▶ **EXERCISE GOAL**
Word for word, copy all of the entries.

▶ **RECORDS FOR THIS TASK**
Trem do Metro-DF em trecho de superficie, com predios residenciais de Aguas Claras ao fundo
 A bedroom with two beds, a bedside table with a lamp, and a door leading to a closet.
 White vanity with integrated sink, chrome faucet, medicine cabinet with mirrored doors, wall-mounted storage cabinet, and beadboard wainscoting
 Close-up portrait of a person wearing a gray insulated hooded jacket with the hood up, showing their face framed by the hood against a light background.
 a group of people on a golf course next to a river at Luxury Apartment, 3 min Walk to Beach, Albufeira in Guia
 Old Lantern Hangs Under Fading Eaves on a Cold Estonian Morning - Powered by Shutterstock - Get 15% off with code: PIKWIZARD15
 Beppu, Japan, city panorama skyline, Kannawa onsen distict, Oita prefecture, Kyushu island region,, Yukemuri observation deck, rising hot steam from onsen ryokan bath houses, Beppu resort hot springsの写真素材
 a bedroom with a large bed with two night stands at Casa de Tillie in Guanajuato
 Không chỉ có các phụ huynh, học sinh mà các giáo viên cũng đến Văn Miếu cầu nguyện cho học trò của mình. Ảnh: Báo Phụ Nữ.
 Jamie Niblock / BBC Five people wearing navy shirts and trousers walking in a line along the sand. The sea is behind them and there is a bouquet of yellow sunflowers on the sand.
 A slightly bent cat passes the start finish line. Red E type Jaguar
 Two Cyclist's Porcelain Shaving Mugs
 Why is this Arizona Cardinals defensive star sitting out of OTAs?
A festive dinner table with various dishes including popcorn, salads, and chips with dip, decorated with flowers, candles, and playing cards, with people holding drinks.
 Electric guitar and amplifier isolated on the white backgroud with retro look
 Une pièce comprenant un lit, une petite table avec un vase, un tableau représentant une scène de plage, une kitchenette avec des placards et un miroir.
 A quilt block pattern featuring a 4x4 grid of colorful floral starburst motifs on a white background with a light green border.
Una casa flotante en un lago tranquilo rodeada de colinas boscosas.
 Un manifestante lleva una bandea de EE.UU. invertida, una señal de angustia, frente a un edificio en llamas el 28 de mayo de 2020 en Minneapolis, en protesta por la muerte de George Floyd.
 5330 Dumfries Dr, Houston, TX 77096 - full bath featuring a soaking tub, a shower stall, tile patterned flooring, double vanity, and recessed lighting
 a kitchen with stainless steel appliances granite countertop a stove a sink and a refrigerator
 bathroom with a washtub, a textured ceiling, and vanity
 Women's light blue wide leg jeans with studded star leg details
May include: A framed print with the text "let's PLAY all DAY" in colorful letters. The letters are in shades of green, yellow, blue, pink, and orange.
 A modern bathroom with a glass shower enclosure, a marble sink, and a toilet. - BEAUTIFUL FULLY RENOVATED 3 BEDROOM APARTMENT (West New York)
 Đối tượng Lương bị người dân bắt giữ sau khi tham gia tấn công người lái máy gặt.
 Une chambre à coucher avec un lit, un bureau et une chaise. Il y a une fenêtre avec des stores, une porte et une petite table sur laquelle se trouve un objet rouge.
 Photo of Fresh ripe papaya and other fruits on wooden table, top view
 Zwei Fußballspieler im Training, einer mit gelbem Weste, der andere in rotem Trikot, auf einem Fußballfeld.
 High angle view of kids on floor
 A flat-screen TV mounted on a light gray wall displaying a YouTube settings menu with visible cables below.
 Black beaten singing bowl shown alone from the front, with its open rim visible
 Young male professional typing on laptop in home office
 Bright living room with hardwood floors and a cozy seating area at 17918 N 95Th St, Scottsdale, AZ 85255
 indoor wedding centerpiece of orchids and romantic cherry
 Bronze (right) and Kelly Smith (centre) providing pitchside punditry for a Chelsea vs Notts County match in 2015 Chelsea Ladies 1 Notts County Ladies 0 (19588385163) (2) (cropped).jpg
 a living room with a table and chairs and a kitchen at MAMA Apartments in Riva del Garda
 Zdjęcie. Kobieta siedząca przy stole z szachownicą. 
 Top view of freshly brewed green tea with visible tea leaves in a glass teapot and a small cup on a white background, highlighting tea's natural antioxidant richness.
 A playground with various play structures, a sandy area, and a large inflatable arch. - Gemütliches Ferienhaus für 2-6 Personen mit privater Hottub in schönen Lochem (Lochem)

▶ **PROBLEM SOLUTION**
Trem do Metro-DF em trecho de superficie, com predios residenciais de Aguas Claras ao fundo
 A bedroom with two beds, a bedside table with a lamp, and a door leading to a closet.
 White vanity with integrated sink, chrome faucet, medicine cabinet with mirrored doors, wall-mounted storage cabinet, and beadboard wainscoting
 Close-up portrait of a person wearing a gray insulated hooded jacket with the hood up, showing their face framed by the hood against a light background.
 a group of people on a golf course next to a river at Luxury Apartment, 3 min Walk to Beach, Albufeira in Guia
 Old Lantern Hangs Under Fading Eaves on a Cold Estonian Morning - Powered by Shutterstock - Get 15% off with code: PIKWIZARD15
 Beppu, Japan, city panorama skyline, Kannawa onsen distict, Oita prefecture, Kyushu island region,, Yukemuri observation deck, rising hot steam from onsen ryokan bath houses, Beppu resort hot springsの写真素材
 a bedroom with a large bed with two night stands at Casa de Tillie in Guanajuato
 Không chỉ có các phụ huynh, học sinh mà các giáo viên cũng đến Văn Miếu cầu nguyện cho học trò của mình. Ảnh: Báo Phụ Nữ.
 Jamie Niblock / BBC Five people wearing navy shirts and trousers walking in a line along the sand. The sea is behind them and there is a bouquet of yellow sunflowers on the sand.
 A slightly bent cat passes the start finish line. Red E type Jaguar
 Two Cyclist's Porcelain Shaving Mugs
 Why is this Arizona Cardinals defensive star sitting out of OTAs?
A festive dinner table with various dishes including popcorn, salads, and chips with dip, decorated with flowers, candles, and playing cards, with people holding drinks.
 Electric guitar and amplifier isolated on the white backgroud with retro look
 Une pièce comprenant un lit, une petite table avec un vase, un tableau représentant une scène de plage, une kitchenette avec des placards et un miroir.
 A quilt block pattern featuring a 4x4 grid of colorful floral starburst motifs on a white background with a light green border.
Una casa flotante en un lago tranquilo rodeada de colinas boscosas.
 Un manifestante lleva una bandea de EE.UU. invertida, una señal de angustia, frente a un edificio en llamas el 28 de mayo de 2020 en Minneapolis, en protesta por la muerte de George Floyd.
 5330 Dumfries Dr, Houston, TX 77096 - full bath featuring a soaking tub, a shower stall, tile patterned flooring, double vanity, and recessed lighting
 a kitchen with stainless steel appliances granite countertop a stove a sink and a refrigerator
 bathroom with a washtub, a textured ceiling, and vanity
 Women's light blue wide leg jeans with studded star leg details
May include: A framed print with the text "let's PLAY all DAY" in colorful letters. The letters are in shades of green, yellow, blue, pink, and orange.
 A modern bathroom with a glass shower enclosure, a marble sink, and a toilet. - BEAUTIFUL FULLY RENOVATED 3 BEDROOM APARTMENT (West New York)
 Đối tượng Lương bị người dân bắt giữ sau khi tham gia tấn công người lái máy gặt.
 Une chambre à coucher avec un lit, un bureau et une chaise. Il y a une fenêtre avec des stores, une porte et une petite table sur laquelle se trouve un objet rouge.
 Photo of Fresh ripe papaya and other fruits on wooden table, top view
 Zwei Fußballspieler im Training, einer mit gelbem Weste, der andere in rotem Trikot, auf einem Fußballfeld.
 High angle view of kids on floor
 A flat-screen TV mounted on a light gray wall displaying a YouTube settings menu with visible cables below.
 Black beaten singing bowl shown alone from the front, with its open rim visible
 Young male professional typing on laptop in home office
 Bright living room with hardwood floors and a cozy seating area at 17918 N 95Th St, Scottsdale, AZ 85255
 indoor wedding centerpiece of orchids and romantic cherry
 Bronze (right) and Kelly Smith (centre) providing pitchside punditry for a Chelsea vs Notts County match in 2015 Chelsea Ladies 1 Notts County Ladies 0 (19588385163) (2) (cropped).jpg
 a living room with a table and chairs and a kitchen at MAMA Apartments in Riva del Garda
 Zdjęcie. Kobieta siedząca przy stole z szachownicą. 
 Top view of freshly brewed green tea with visible tea leaves in a glass teapot and a small cup on a white background, highlighting tea's natural antioxidant richness.
 A playground with various play structures, a sandy area, and a large inflatable arch. - Gemütliches Ferienhaus für 2-6 Personen mit privater Hottub in schönen Lochem (Lochem)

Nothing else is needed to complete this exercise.